La part de logements occupés par leur propriétaire indique en creux le volume du parc locatif privé concerné, et les données de Perpezat le montrent nettement. On relève 27 diagnostics publiés par l'ADEME, 420 habitants, 96 % de maisons individuelles, en zone climatique H1c. Ces valeurs ne décident d'aucun projet à elles seules, mais elles fixent l'ordre de grandeur dans lequel un chiffrage à Perpezat est crédible.
Le climat entre dans le calcul réglementaire : la zone H1c applicable à Perpezat correspond à une base de 250 kWh/m²/an. Plus cette base est élevée, plus la remise à niveau d'un logement mis en location rentabilise vite son surcoût, à performance identique.
Le solde se finance : à Perpezat, le reste à charge du cas type le plus aidé s'établit à 6 000 € après aide ANAH et prise en charge de l'accompagnement jusqu'à 2 000 €. Étalé en éco-prêt sur quinze ans, cela représente environ 35 € par mois, quand le logement loué contribue déjà à 1 620 € d'économie annuelle attendue.
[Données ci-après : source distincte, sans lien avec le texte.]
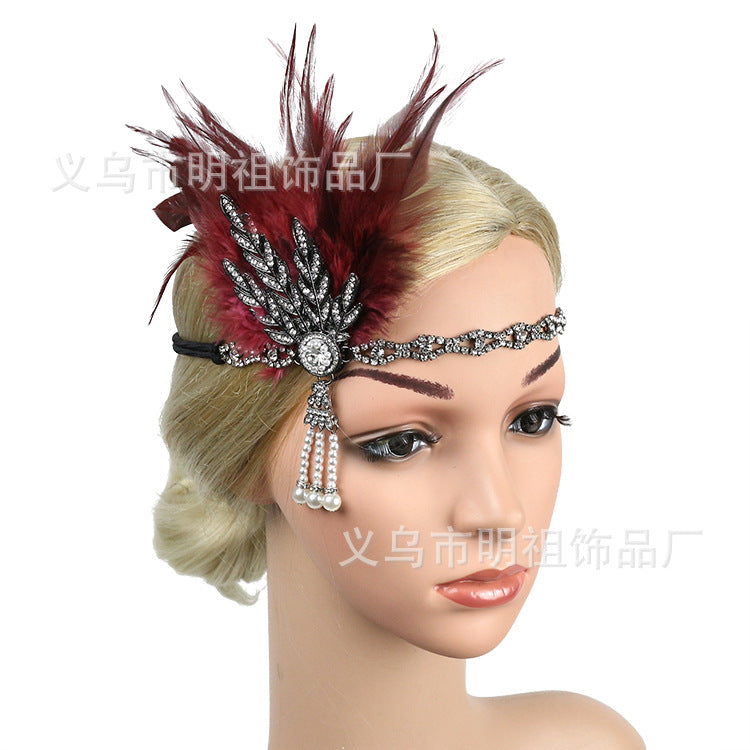 1920s Retro Headband Exaggerated Feather Headband Halloween Banquet Ball Accessories Wedding Headwear Hair Accessories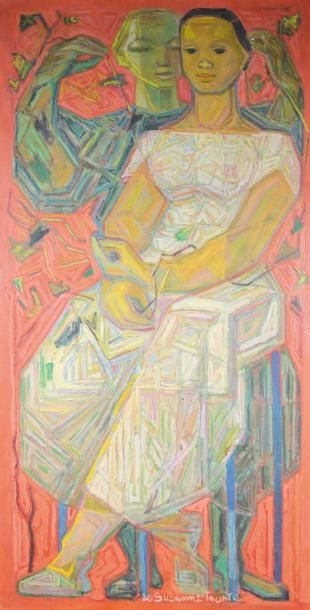 Suzanne TOURTE (1904-1979) les deux amies Huile sur toile sbm 100 x 50 cm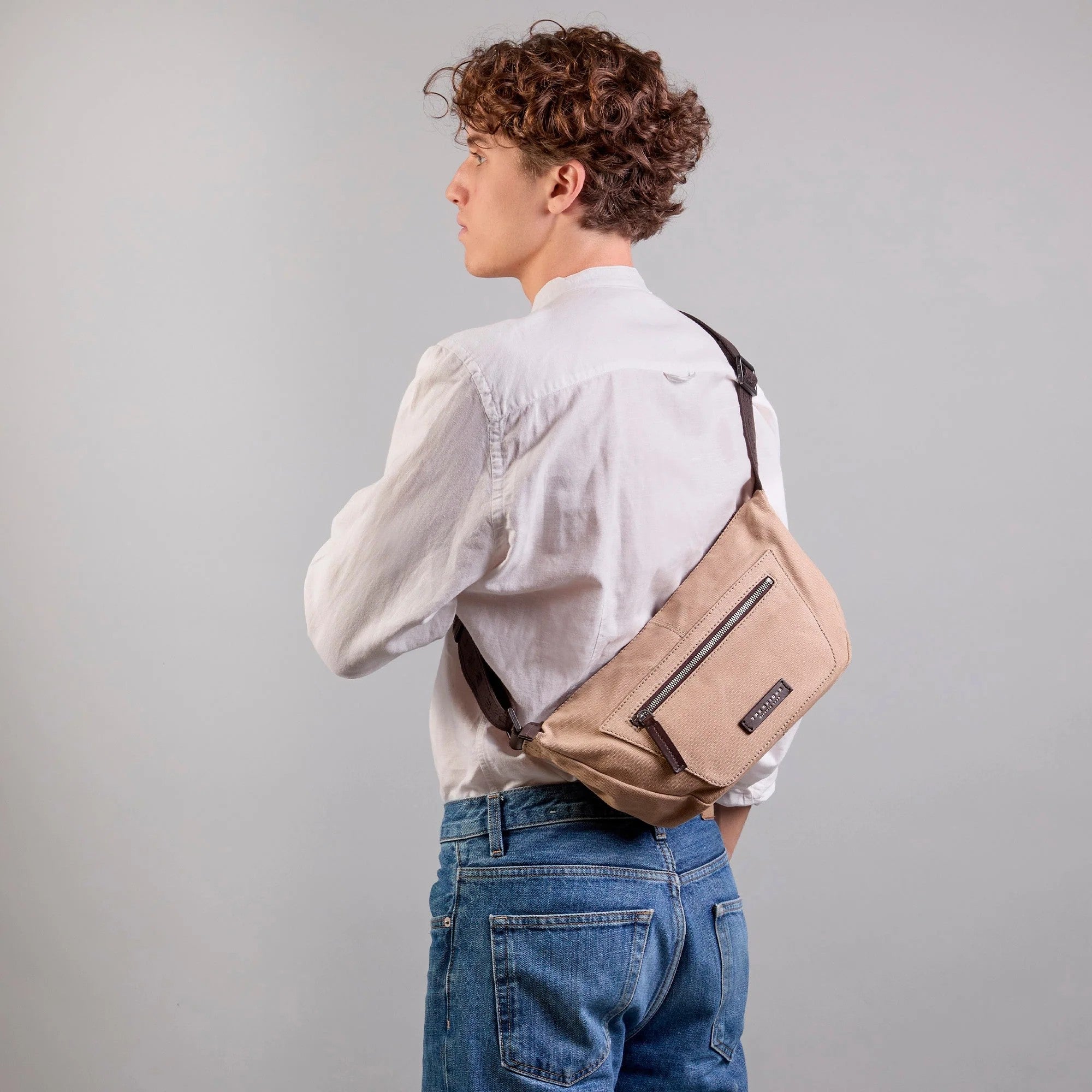 The Bridge borsa a tracolla in tessuto e pelle "Igor" Beige 072305KF.005 NATURALE-MORO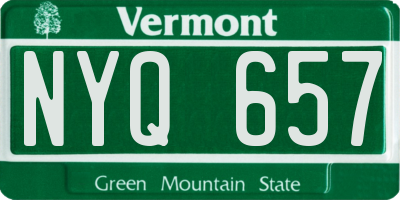 VT license plate NYQ657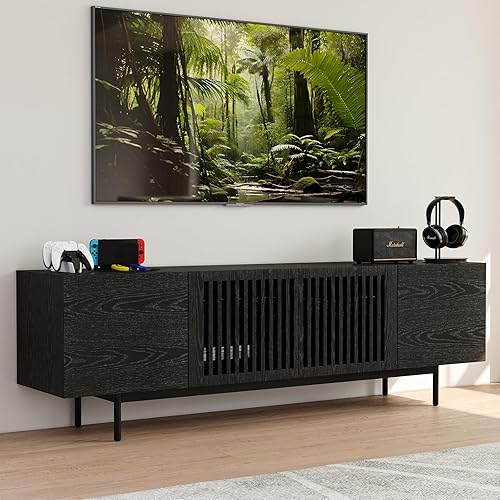 POVISON Full Assembled Mid-Century Modern TV Stand with Slatted Doors, Wood Media Console for 65-75 Inch TV, TV Console with Tall-cast Metal Legs, Entertainment Center with Storage for Living Room
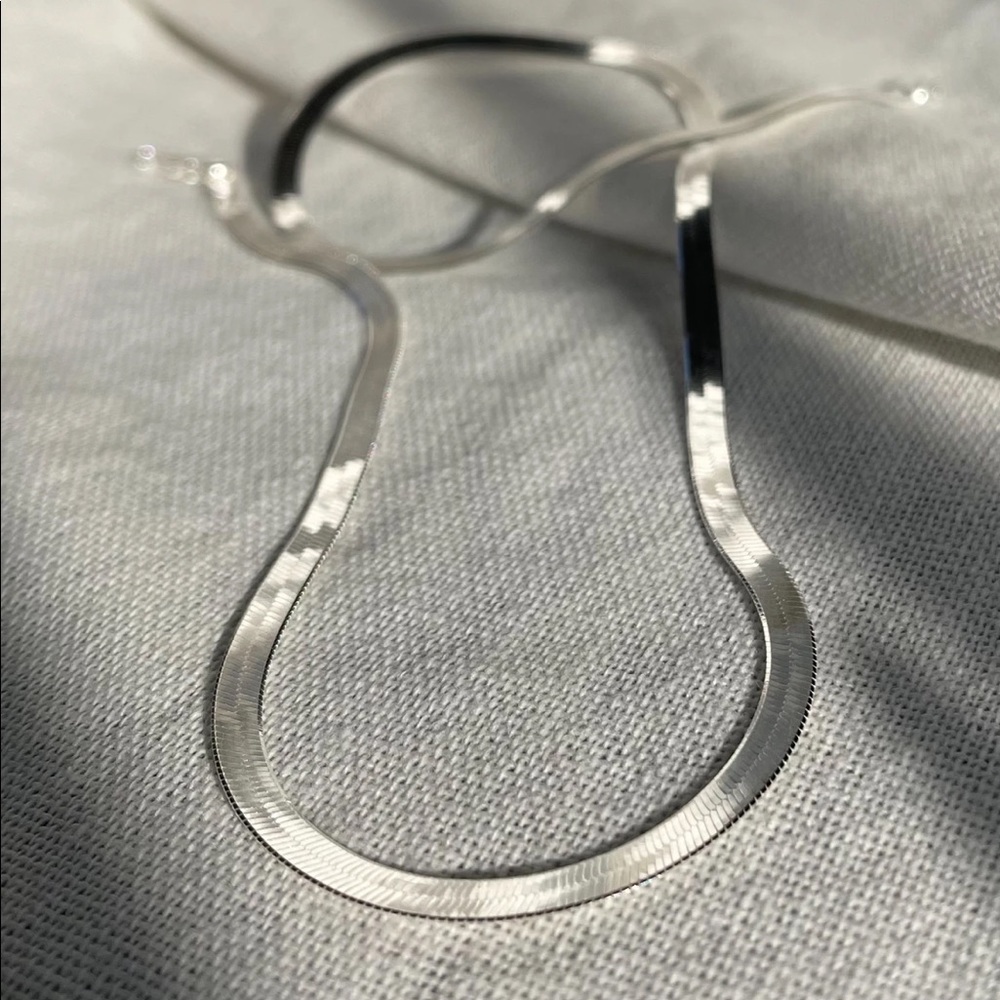 925 Italian Sterling Silver Herringbone Chain Necklace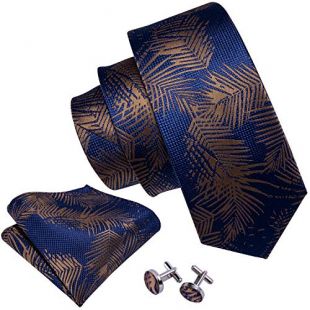 Navy Brown Ties Flower Wedding Business Necktie Set Silk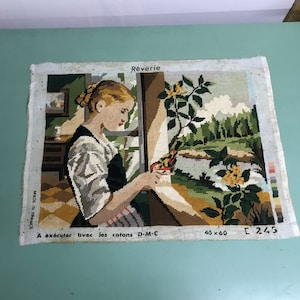 Girl Needlepoint Canvas, Wall Tapestry, Hanging Tapestries, Made in France, Completed canvases, petit point canvas, canevas, country scene,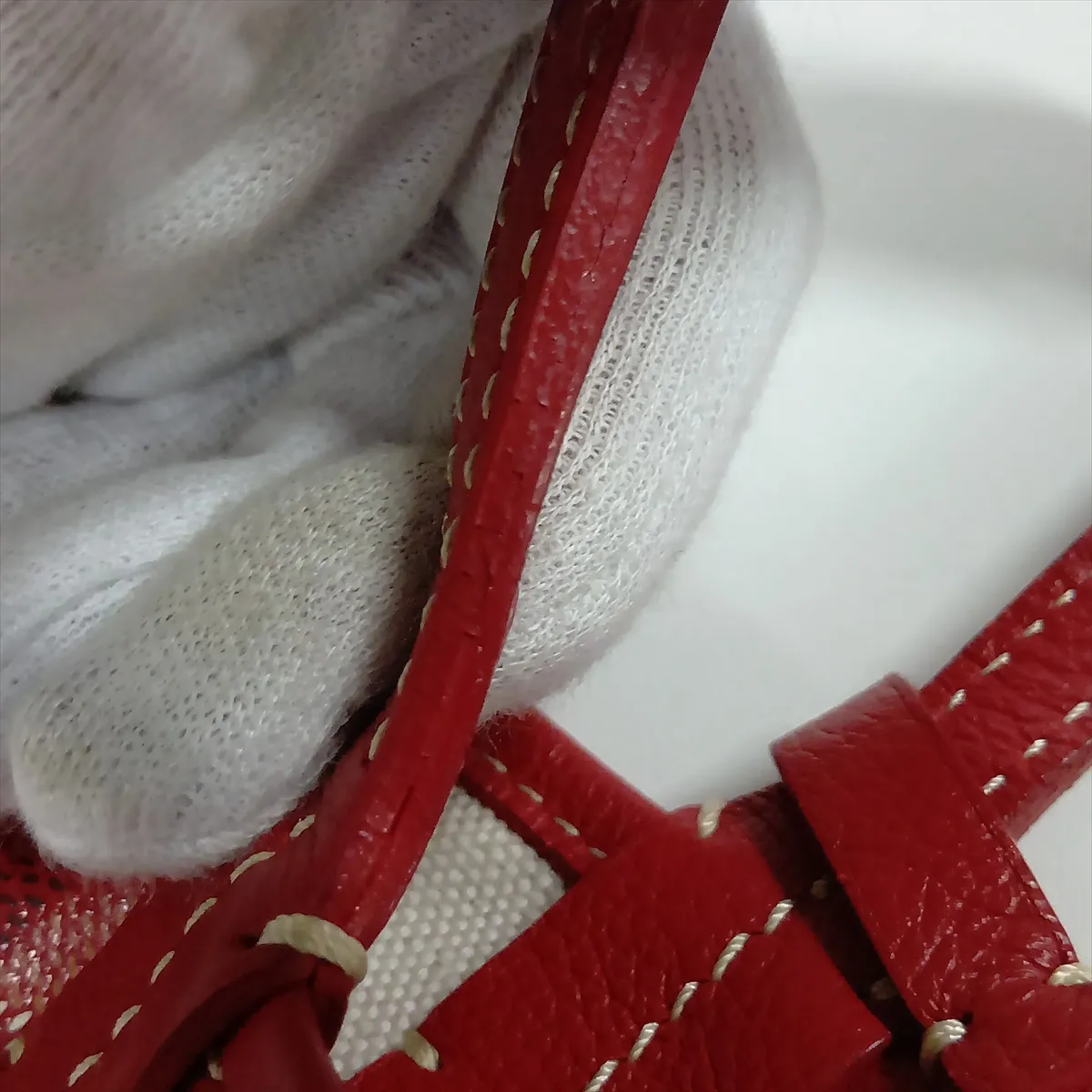 Saint Louis PM PVC x Leather Tote Bag, Red — view 12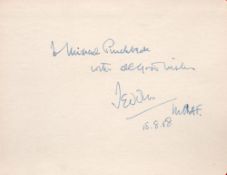Marshal of the Royal Air Force Arthur William Tedder, 1st Baron Tedder signed 5x4 approx white card.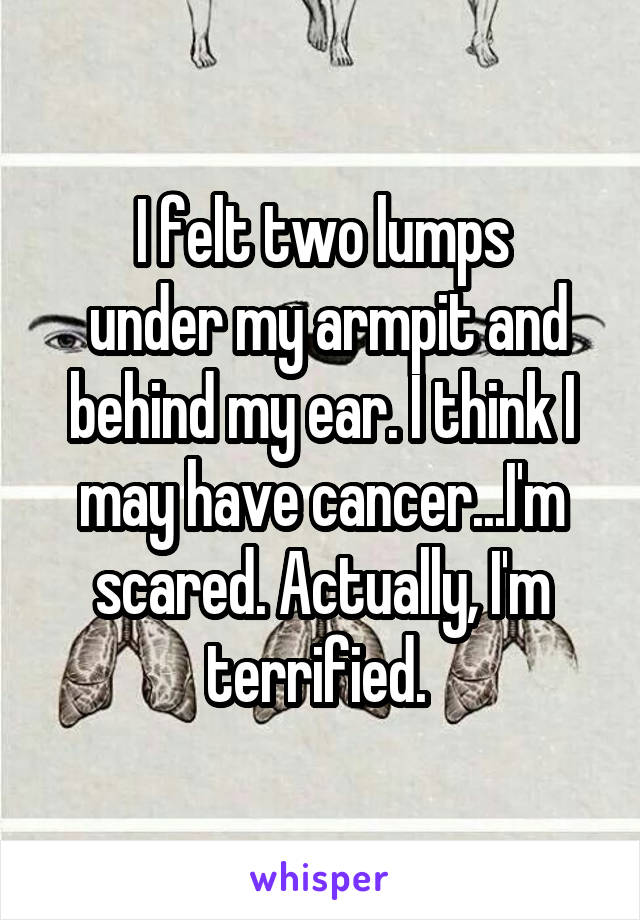 I felt two lumps
 under my armpit and behind my ear. I think I may have cancer...I'm scared. Actually, I'm terrified.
Point de vigilance financier à Perpezat : un engagement de conventionnement signé sans simuler le manque à gagner locatif. Une reprise représente 10 à 20 % du poste, soit 291 450 € à 582 900 €, sans nouvelle aide mobilisable — d'où l'intérêt d'un contrôle en cours de chantier plutôt qu'à la réception.
Le gain se calcule, il ne s'annonce pas : la remise à niveau d'un logement mis en location traite 40 à 60 % du besoin. Appliqué au cas de référence à Perpezat, en zone H1c, cela ramène 10 982 à 16 473 kWh par an, valorisés 1 179 € à 1 769 € au tarif conventionnel 2026.
Le métré fait foi avant toute discussion de prix : à Perpezat, sur une base de 110 m² en zone H1c, la remise à niveau d'un logement mis en location représente de l'ordre de 87 logement du parc locatif. Multiplié par un prix unitaire de 22 000 à 45 000 €, on obtient une fourchette de 1 914 000 € à 3 915 000 € TTC, que le plafond d'assiette de 40 000 € HT vient ensuite borner.
L'écart entre profils est considérable à Perpezat : 32 000 € pour un ménage très modeste contre 4 000 € pour un ménage aux revenus supérieurs, sur la même assiette de 40 000 € HT. Pour la remise à niveau d'un logement mis en location, le montage financier n'a donc rien de commun d'un foyer à l'autre.
Solde du dossier à Perpezat : la pièce déterminante est le constat de décence après travaux. Sans elle, aucun versement, alors même que l'aide en jeu atteint 32 000 € au taux le plus favorable sur une assiette de 40 000 € HT.